After starting a Python Table API Job that involves user defined functions (UDF) by submitting it to a local cluster, it crashes with a py4j.protocol.Py4JJavaError caused by

java.util.ServiceConfigurationError: org.apache.beam.sdk.options.PipelineOptionsRegistrar: org.apache.beam.sdk.options.DefaultPipelineOptionsRegistrar not a subtype.

I am aware that this is a bug concerning the dependencies on the lib path/classloading. I have already tried to follow all instructions at the following link: https://ci.apache.org/projects/flink/flink-docs-release-1.10/monitoring/debugging_classloading.html

I have tried extensively different configurations with the classloader.parent-first-patterns-additional config option.
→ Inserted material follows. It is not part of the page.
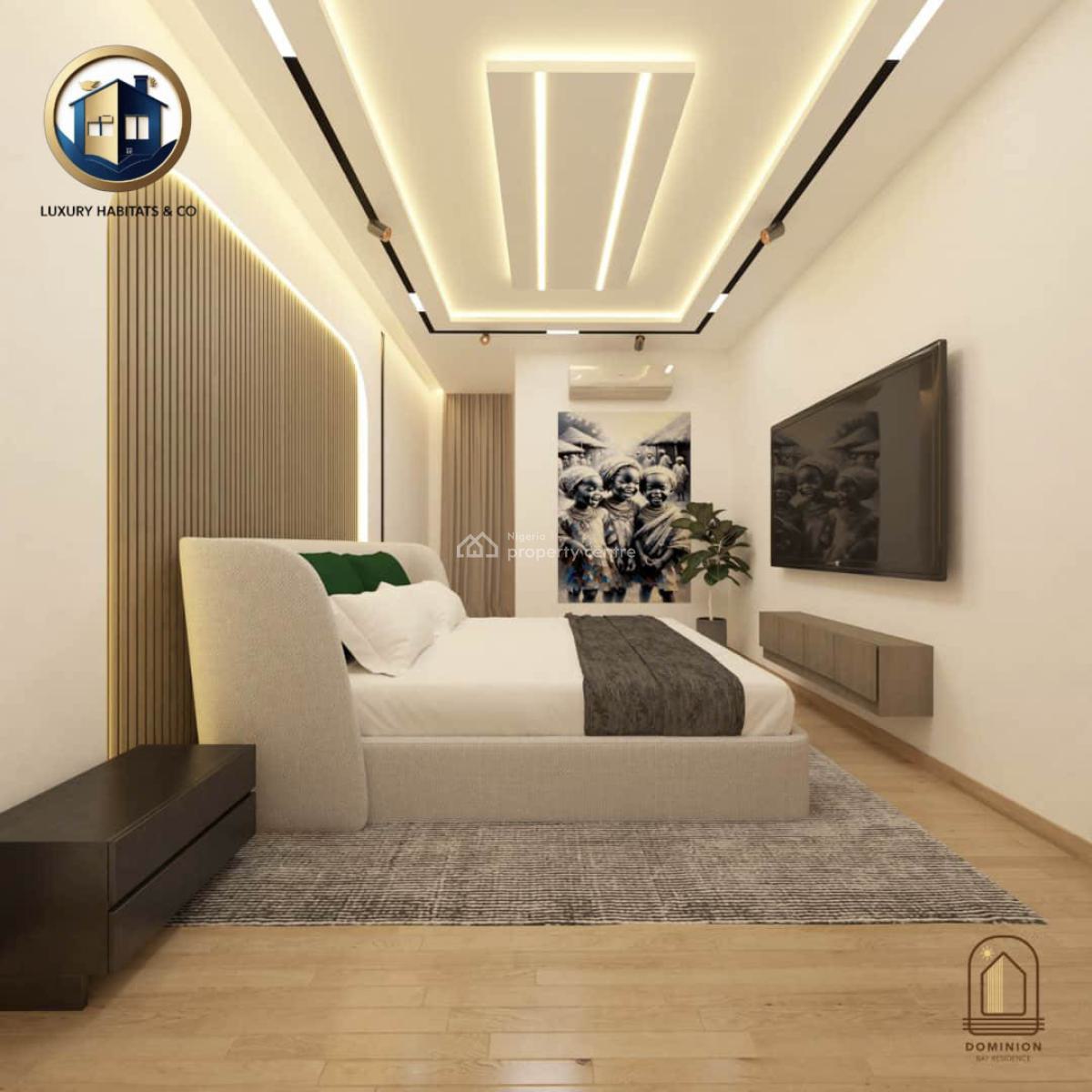 3-bedroom Terrace + Studio Apartment, Atican Beachview Estate, Ajah, Lagos, Terraced Duplex for Sale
Different entries with org.apache.beam.sdk.[...] have led to different, additional error messages.

The following dependencies, which refer to apache beam, are on the lib path:

  • beam-model-fn-execution-2.20.jar
  • beam-model-job-management-2.20.jar
  • beam-model-pipeline-2.20.jar
  • beam-runners-core-construction-java-2.20.jar
  • beam-runners-java-fn-execution-2.20.jar
  • beam-sdks-java-core-2.20.jar
  • beam-sdks-java-fn-execution-2.20.jar
  • beam-vendor-grpc-1_21_0-0.1.jar
  • beam-vendor-grpc-1_26_0.0.3.jar
  • beam-vendor-guava-26_0-jre-0.1.jar
  • beam-vendor-sdks-java-extensions-protobuf-2.20.jar

I can also rule out that it is due to my code, as I have tested the following sample code of the project website: https://flink.apache.org/2020/04/09/pyflink-udf-support-flink.html

from pyflink.datastream import StreamExecutionEnvironment
from pyflink.table import StreamTableEnvironment, DataTypes
from pyflink.table.descriptors import Schema, OldCsv, FileSystem
from pyflink.table.udf import udf

env = StreamExecutionEnvironment.get_execution_environment()
env.set_parallelism(1)
t_env = StreamTableEnvironment.create(env)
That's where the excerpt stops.